Pipkin and his staff came up with legislation to meet the state’s needs and those of Pipkin’s Queen Anne’s County constituency.
“It was my first foray into really walking uphill,” Palmer said.
Having done a lot of work with health care while serving on Pipkin’s staff, Palmer then turned to Johns Hopkins, where its state affairs director, Thomas Lewis, helped him.
“I had a lot of respect for the university and I felt I could learn a lot from him,” Palmer said.
While at the university, Palmer tackled issues such as economic development, transportation, energy and budgets.
A big part of the job was helping legislators understand what certain state funds went toward, Palmer said. About 85 percent go toward financial aid for Maryland students, while the rest goes for programs to improve higher education, he said.
“The legislature was put in a very bad situation when it came to cuts,” Palmer said, adding that Maryland has done an “amazing” job of supporting higher education when other states have cut back.
This perspective reflects what John Stierhoff of the Venable law firm in Baltimore calls Palmer’s ability to “synthesize a lot of viewpoints into good policy.”
“He has a calm demeanor and an ability to work with people on different viewpoints,” said Stierhoff, who has done lobby work alongside Palmer for six years. “It’s why he’s going to be really well-suited to his position at the chamber.”
Stierhoff also spoke highly of Palmer’s tennis prowess. Unfortunately, Palmer has not been playing much since he tore a knee ligament during a team tournament in September. He plans to have surgery after his wedding to Robyn Scott in June.

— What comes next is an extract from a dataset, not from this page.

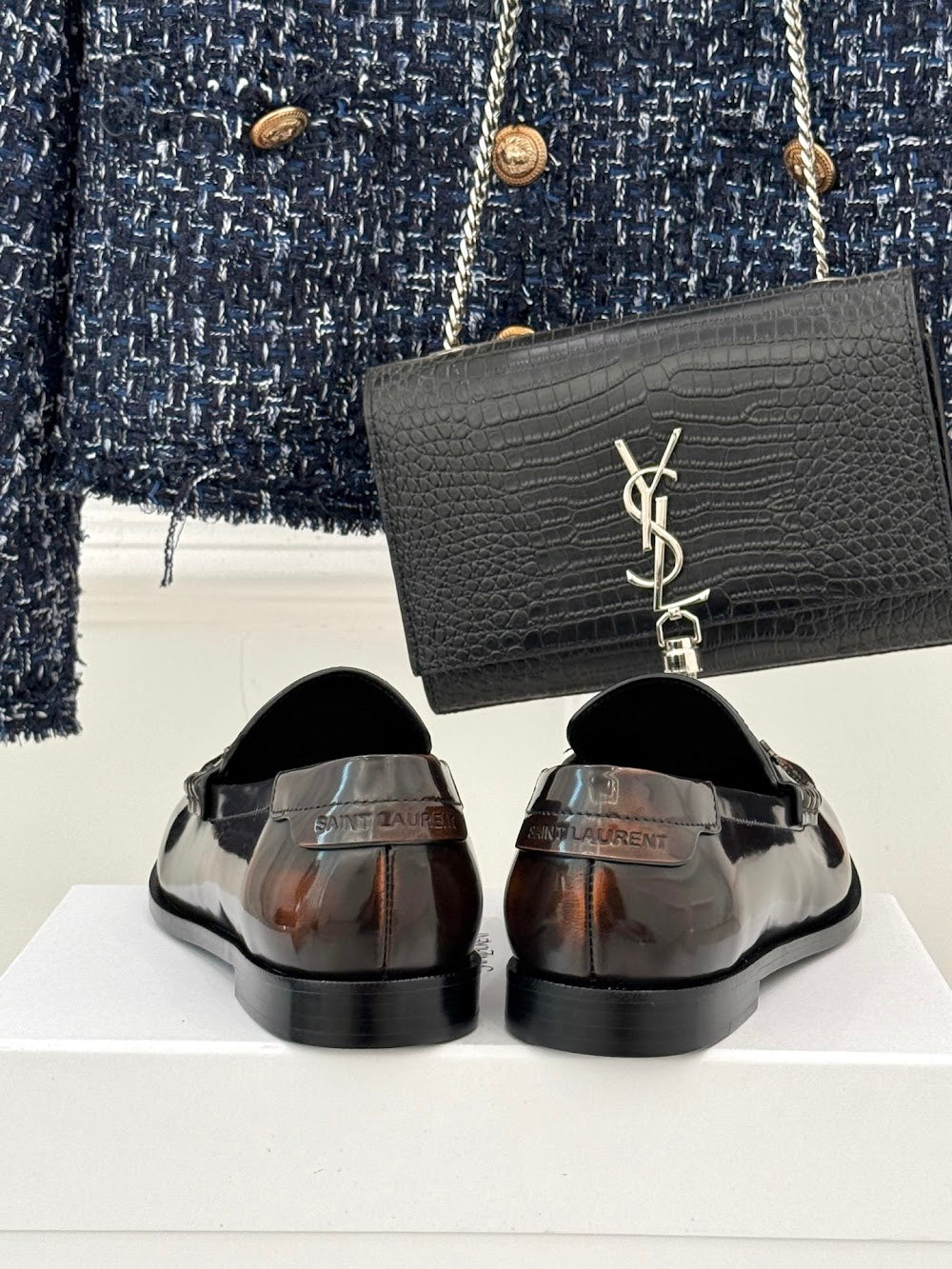 Dragons Bags Luxury Bag --50632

Palmer had actually served on the chamber’s legislative committee for several years when he worked at Hopkins, leading Snyder to call him a “known candidate.”
As he looks toward the 2013 session, Palmer said he expects to deal with issues such as finding more transportation funding, bringing down the state’s corporate income tax, minimum wages and civil liability issues.
When it comes to transportation funding, the state needs to look at private-public partnerships as well as increasing the fuel tax, he said.
He also said the state needs to work harder to combat the perception that it is not doing enough to streamline regulatory processes.
Palmer said the state and businesses also must cooperate more to better balance the state’s reliance on federal dollars so it can become more competitive in the corporate world.